From the line containing "Valentine's Day Modern" down to the line containing "Martin Luther King", copy out the entries below exactly, both lines included, and nothing else; pictures do not belong in the copy.

***** PROVIDED RECORDS

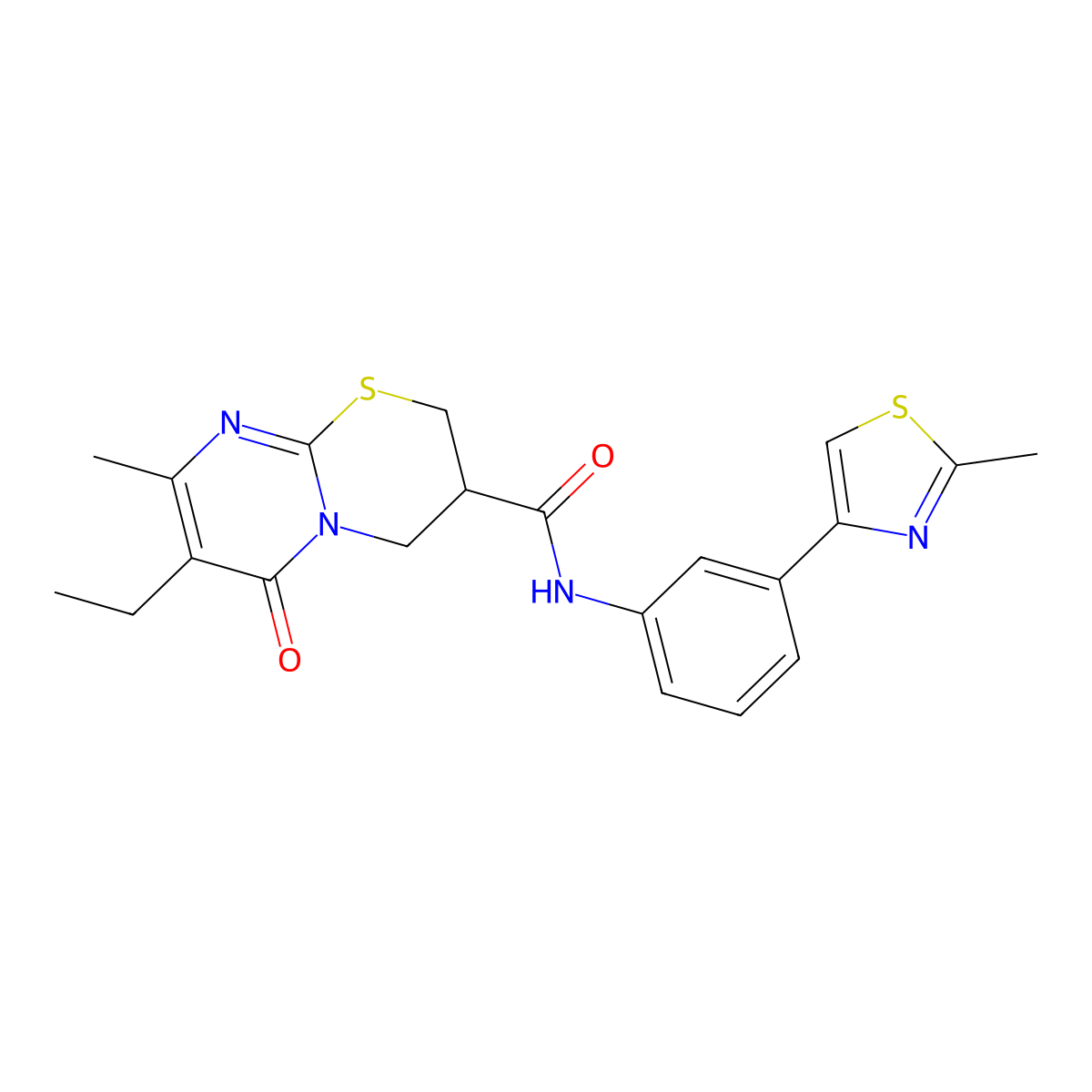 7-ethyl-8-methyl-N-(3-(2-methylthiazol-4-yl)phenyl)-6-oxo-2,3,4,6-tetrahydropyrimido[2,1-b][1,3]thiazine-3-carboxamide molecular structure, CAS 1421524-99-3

**********
***** PROVIDED RECORDS

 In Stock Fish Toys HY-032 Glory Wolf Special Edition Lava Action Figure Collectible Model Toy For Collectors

**********
***** PROVIDED RECORDS

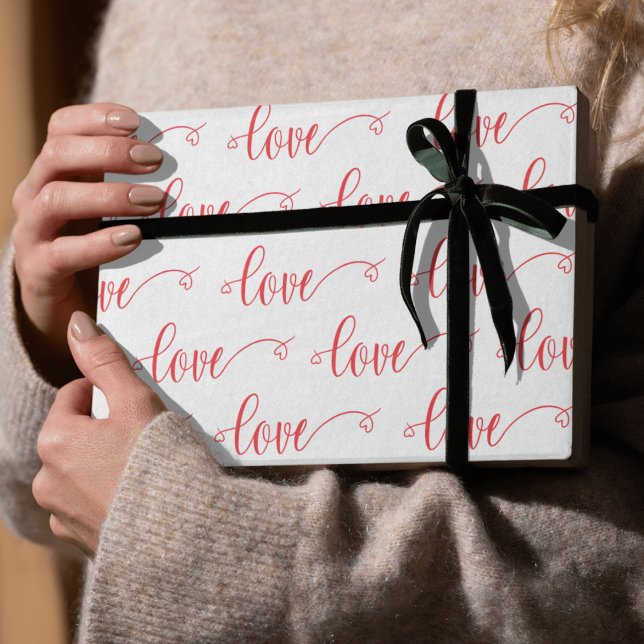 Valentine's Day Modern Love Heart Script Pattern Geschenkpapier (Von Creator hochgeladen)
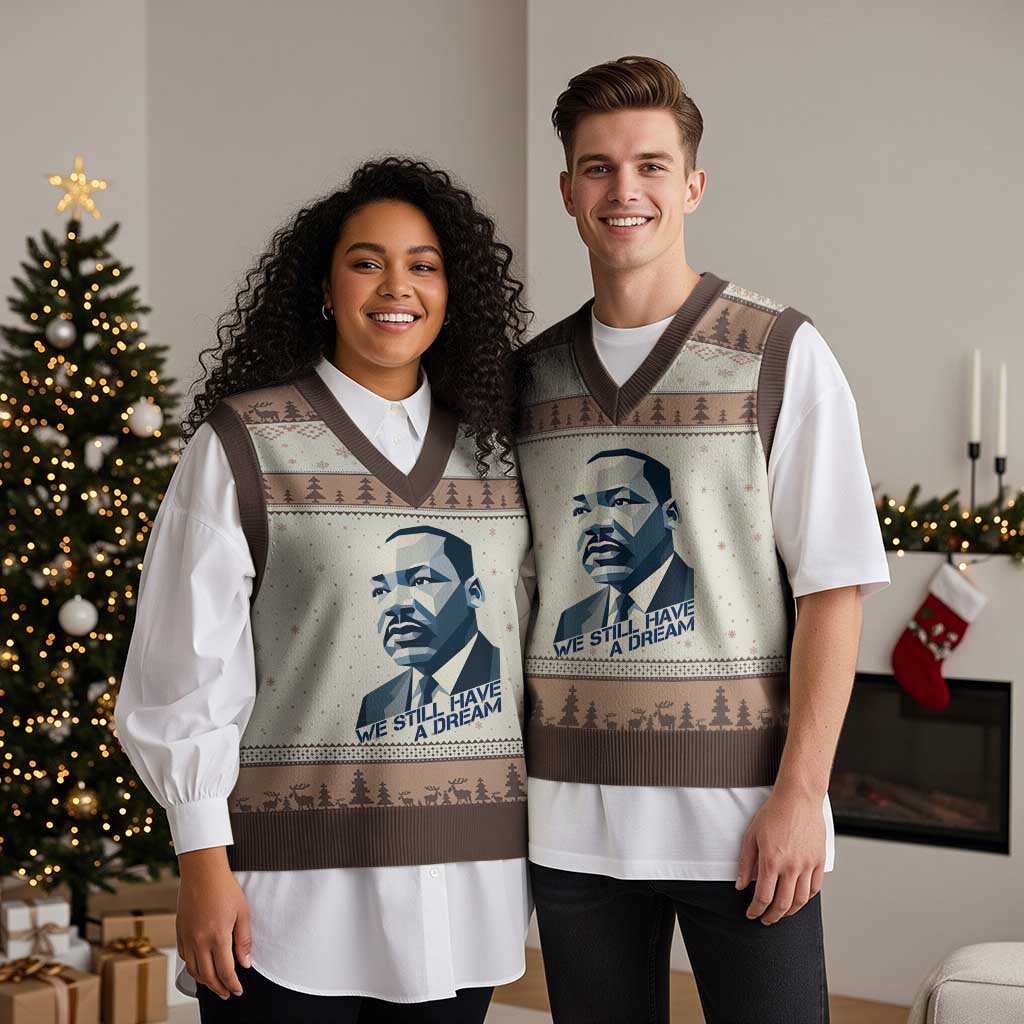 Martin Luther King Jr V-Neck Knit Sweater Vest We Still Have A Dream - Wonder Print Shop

**********

OUTPUT BELOW:
 Valentine's Day Modern Love Heart Script Pattern Geschenkpapier (Von Creator hochgeladen)
 Martin Luther King Jr V-Neck Knit Sweater Vest We Still Have A Dream - Wonder Print Shop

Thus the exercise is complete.